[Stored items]
□ □ □ □ □ □ □
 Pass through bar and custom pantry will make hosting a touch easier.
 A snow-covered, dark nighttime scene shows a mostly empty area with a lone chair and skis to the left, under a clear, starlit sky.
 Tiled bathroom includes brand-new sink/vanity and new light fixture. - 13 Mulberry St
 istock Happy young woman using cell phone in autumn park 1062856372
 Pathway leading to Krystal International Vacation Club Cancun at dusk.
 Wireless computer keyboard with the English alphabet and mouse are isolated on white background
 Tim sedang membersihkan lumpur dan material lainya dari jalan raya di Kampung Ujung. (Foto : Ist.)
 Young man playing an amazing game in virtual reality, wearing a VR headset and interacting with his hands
□ □ □ □ □ □ □
■ **Work item**
In the entries above, how many lines hold the word "with"? State the number only.

■ **Response area**
3